At the same time though, her performance simply would not work without her fellow actors, who bring a grounded humanity to this almost mythical figure. Noémie Merlant is devastating as a victim in the process of being victimised, aware of the snare around her neck while unsure of how to escape or if escape is even what she wants. Behind her eyes of admiration is a palpable sense of fear, of inevitability, of knowing she will one day be spat to the curb. By contrast, Nadia Hoss as Sharon is the observer, the constant, the wife expected to be there no matter what and bear witness to the genius, ignore the indiscretions and forgive all sins. Over the course of the film, we see her sit silently in the corner, her resolve to maintain her marriage and family slowly slipping away as she watches her partner flaunt her power to an even greater degree. If Blanchett's is the performance that hits you in your chest, Hoss is the one who breaks your heart, and that is vital in a film where the risk is always that the audience will misinterpret its affections being for the anti-hero. To fully understand the extent to which genius can destroy, we need to see the reach of its victims, including those expected to stand by and watch.
In an interview at the Directors Guild of America, Todd Field spoke about his shifting relationship with Lydia Tár. There were days where he hated her, where he was indifferent to her, where he admired her, and throughout production and editing, this would always be in flux. This is both apparent in the final film and one of its greatest assets. You don't walk away from 'Tár' with a single clear opinion. You leave with your head spinning with questions, dizzy at its moral conundrums, baffled as to where to start to untie the Gordian Knot of abuses of power and influence that it depicts. And this is exactly where we should be. Bringing these cycles of abuse to an end, cycles the film makes clear extend far beyond and behind Lydia Tár, and is not as simple as removing the bad apples. The rot is deep and requires something fundamental to starve it out. It's hard to truly know what a film as vast and complex as 'Tár' wants you to take away from it, but this is the feeling it left to me. Nothing about this is simple, but that doesn't make it excusable. It would be so easy to pinpoint one thing about Lydia Tár that explains it all, one swift move that can cut the rot away, but that just ignores how thoroughly ingrained this problem is.

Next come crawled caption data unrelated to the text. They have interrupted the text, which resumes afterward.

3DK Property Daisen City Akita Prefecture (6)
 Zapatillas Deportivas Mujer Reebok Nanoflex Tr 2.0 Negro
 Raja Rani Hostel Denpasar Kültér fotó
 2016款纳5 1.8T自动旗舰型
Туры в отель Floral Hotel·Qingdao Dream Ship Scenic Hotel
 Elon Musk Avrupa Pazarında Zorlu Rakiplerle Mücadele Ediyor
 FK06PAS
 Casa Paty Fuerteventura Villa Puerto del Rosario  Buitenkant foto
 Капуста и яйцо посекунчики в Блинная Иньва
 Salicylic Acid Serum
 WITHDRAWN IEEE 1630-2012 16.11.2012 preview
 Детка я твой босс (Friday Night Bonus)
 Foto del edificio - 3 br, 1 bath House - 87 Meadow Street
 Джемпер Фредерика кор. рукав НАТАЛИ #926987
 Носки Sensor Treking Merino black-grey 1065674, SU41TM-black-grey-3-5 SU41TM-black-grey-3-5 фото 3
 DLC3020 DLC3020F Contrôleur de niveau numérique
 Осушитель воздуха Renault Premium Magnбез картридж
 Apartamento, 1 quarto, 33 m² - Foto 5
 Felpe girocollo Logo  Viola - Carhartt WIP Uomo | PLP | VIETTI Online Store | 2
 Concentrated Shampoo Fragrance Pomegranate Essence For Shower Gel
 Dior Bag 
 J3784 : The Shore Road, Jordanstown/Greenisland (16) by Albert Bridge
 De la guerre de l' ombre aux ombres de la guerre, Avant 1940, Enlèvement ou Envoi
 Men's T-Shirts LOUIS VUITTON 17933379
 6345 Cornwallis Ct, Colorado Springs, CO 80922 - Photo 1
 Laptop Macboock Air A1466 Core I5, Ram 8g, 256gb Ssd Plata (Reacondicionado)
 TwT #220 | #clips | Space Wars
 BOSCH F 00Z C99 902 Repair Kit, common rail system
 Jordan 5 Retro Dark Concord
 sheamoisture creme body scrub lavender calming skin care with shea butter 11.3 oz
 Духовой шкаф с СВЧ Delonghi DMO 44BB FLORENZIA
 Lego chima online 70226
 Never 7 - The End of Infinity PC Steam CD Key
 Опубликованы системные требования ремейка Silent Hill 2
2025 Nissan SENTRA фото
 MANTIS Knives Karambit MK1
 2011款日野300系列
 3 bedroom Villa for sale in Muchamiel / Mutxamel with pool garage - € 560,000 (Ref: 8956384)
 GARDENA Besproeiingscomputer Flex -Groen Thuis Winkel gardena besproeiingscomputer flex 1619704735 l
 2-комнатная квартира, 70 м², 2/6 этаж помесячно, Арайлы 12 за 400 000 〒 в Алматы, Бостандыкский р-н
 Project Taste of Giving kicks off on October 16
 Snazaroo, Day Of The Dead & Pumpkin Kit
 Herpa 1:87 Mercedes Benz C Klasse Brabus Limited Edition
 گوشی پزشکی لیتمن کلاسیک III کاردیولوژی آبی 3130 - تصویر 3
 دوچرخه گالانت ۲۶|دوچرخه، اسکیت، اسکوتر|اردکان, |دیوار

'Tár' is an infernal machine of the most exquisite construction; a giddying and overwhelming experience the likes of which we rarely see on our screens. It somehow manages to feel intimate and gargantuan all at once, an electric shock to the brain that sends every synapse into overdrive. Todd Field has finally returned to us with a startlingly immediate, wickedly funny, deeply unsettling and ultimately awe-inspiring primal roar, with a performance from Cate Blanchett that feels pulled from the depths of the earth itself, bloody and spitting and monumental. I adored every fetid, magnificent frame of it, and have spent every day since desperate to throw myself at its mercy again. 'Tár' is one of the best films of the year, the kind to grab you by the throat and cackle with glee, while you look on in joy-filled awe.